PDL Abstract

Gather-Scatter DRAM: In-DRAM Address Translation to Improve the Spatial Locality of Non-unit Strided Accesses

Proceedings of the 48th International Symposium on Microarchitecture (MICRO), Waikiki, Hawaii, USA, December 2015..

Vivek Seshadri, Thomas Mullins, Amirali Boroumand, Onur Mutlu, Phillip B. Gibbons,
Michael A. Kozuch*, Todd C. Mowry

Carnegie Mellon University
* Intel Labs


Many data structures (e.g., matrices) are typically ac- cessed with multiple access patterns. Depending on the layout of the data structure in physical address space, some access patterns result in non-unit strides. In existing systems, which are optimized to store and access cache lines, non-unit strided accesses exhibit low spatial locality. Therefore, they incur high latency, and waste memory bandwidth and cache space.

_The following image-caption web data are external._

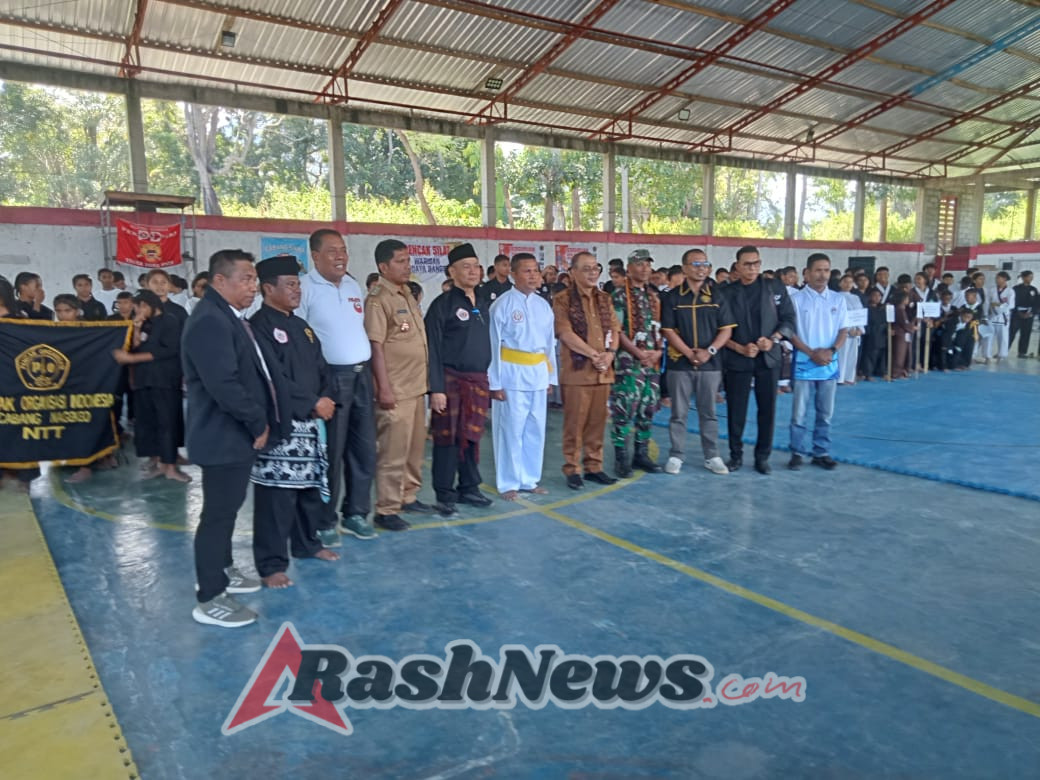TNI AD Hadir dalam Turnamen Pencak Silat NTT, Danramil Ende Wakili Dandim 1602/Ende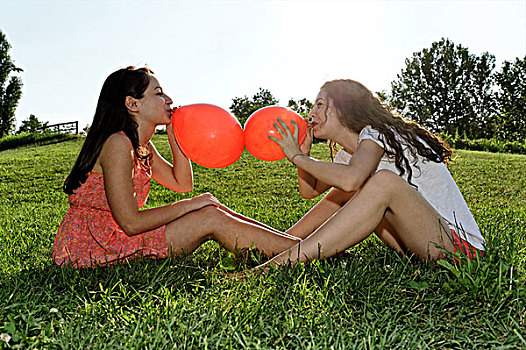 两个,美女,躬曲,向上,红色,气球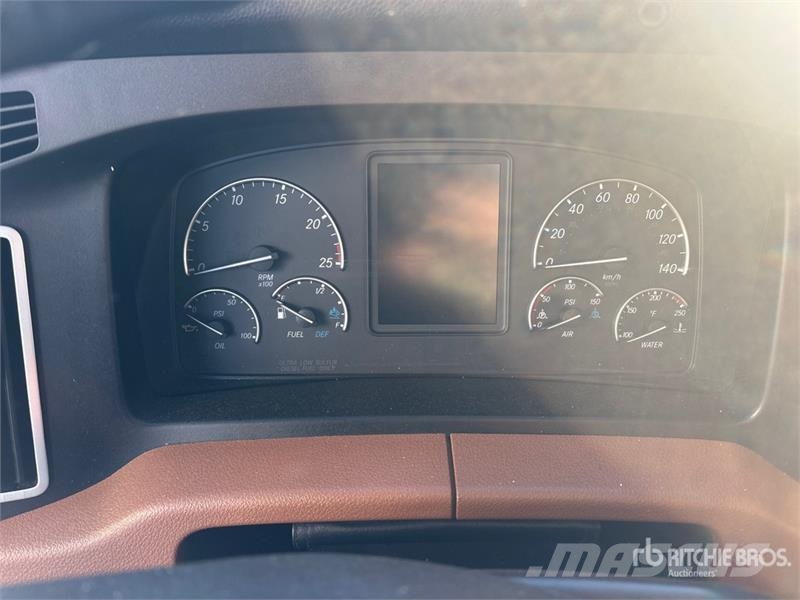 Freightliner Cascadia 126 وحدات الجر
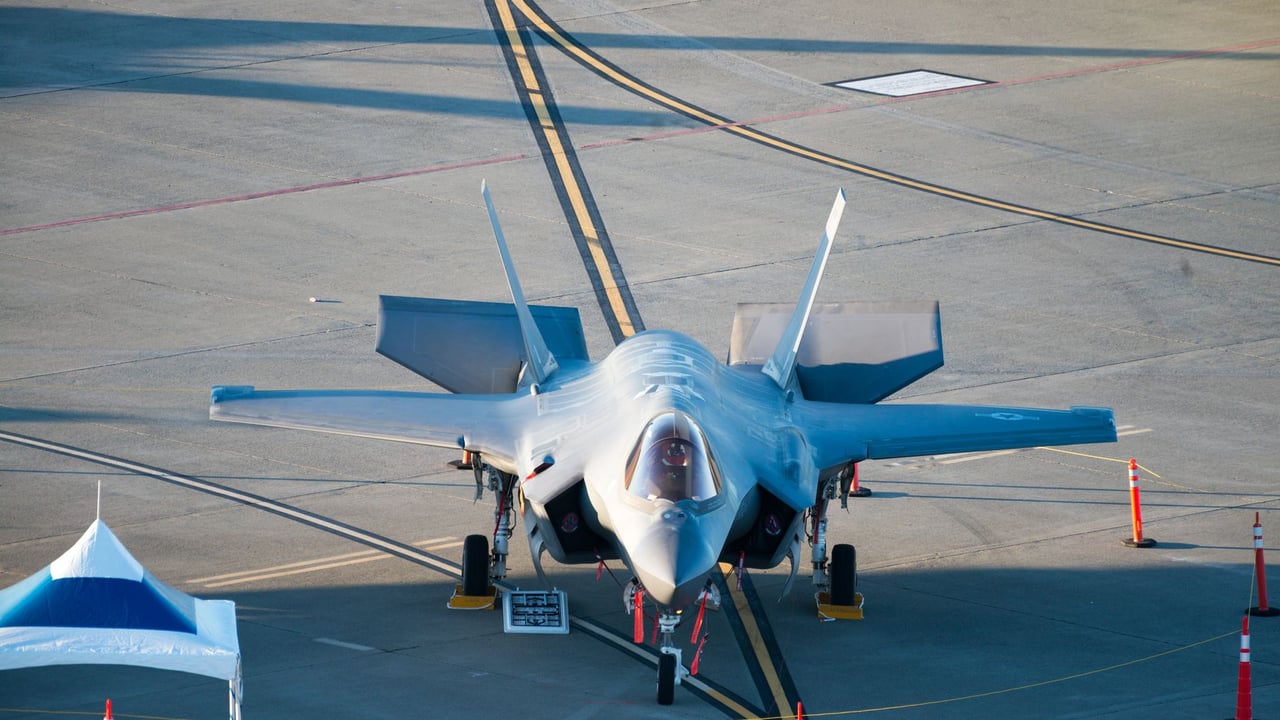 F-35 fighter jet showcased at airshow in Fairfield, California.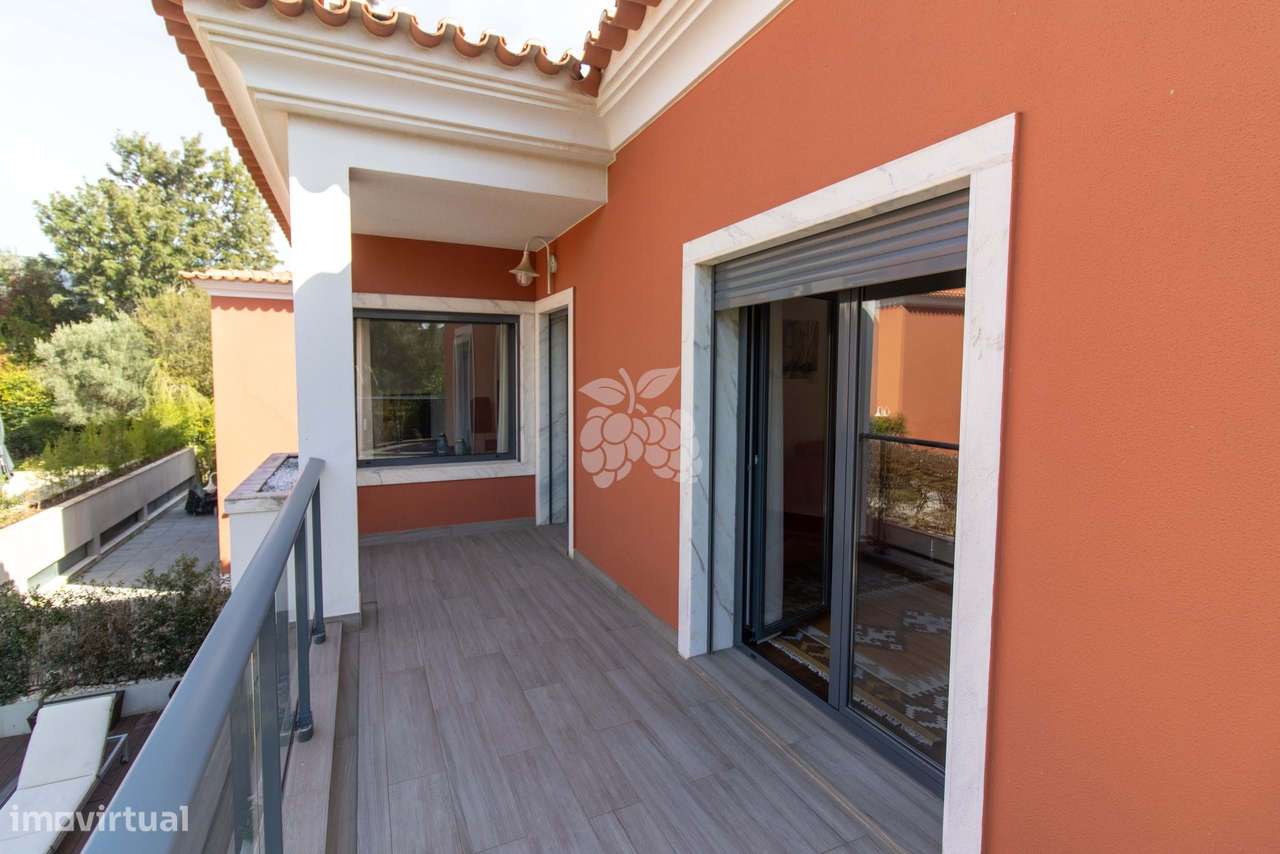 Apartamento T4 Duplex Costa da Guia-8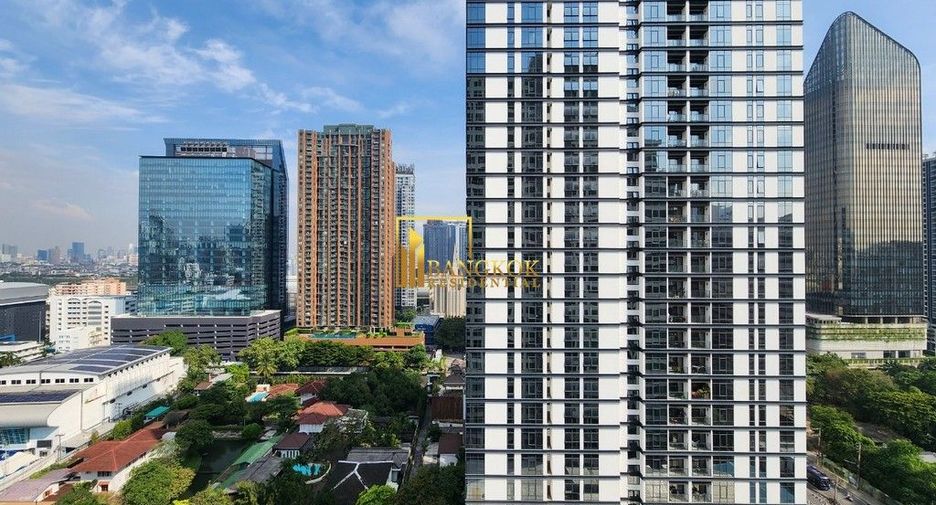 For rent 2 bedrooms condo in Watthana, Bangkok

We propose the Gather-Scatter DRAM (GS-DRAM) to address this problem. We observe that a commodity DRAM module contains many chips. Each chip stores a part of every cache line mapped to the module. Our idea is to enable the memory controller to access multiple values that belong to a strided pattern from different chips using a single read/write command. To realize this idea, GS-DRAM first maps the data of each cache line to different chips such that multiple values of a strided access pattern are mapped to different chips. Second, instead of sending a separate address to each chip, GS-DRAM maps each strided pattern to a small pattern ID that is communicated to the module. Based on the pattern ID, each chip independently computes the address of the value to be accessed. The cache line returned by the module contains different values of the strided pattern gathered from different chips. We show that this approach enables GS-DRAM to achieve near-ideal memory bandwidth and cache utilization for many common access patterns. We design an end-to-end system to exploit GS-DRAM. Our evaluations show that 1) for in-memory databases, GS-DRAM obtains the best of the row store and the col- umn store layouts, in terms of both performance and energy, and 2) for matrix-matrix multiplication, GS-DRAM seamlessly enables SIMD optimizations and outperforms the best tiled layout. Our framework is general, and can benefit many modern data-intensive applications.

KEYWORDS: memory errors, software reliability, memory architectures, soft errors, hard errors, datacenter cost, DRAM.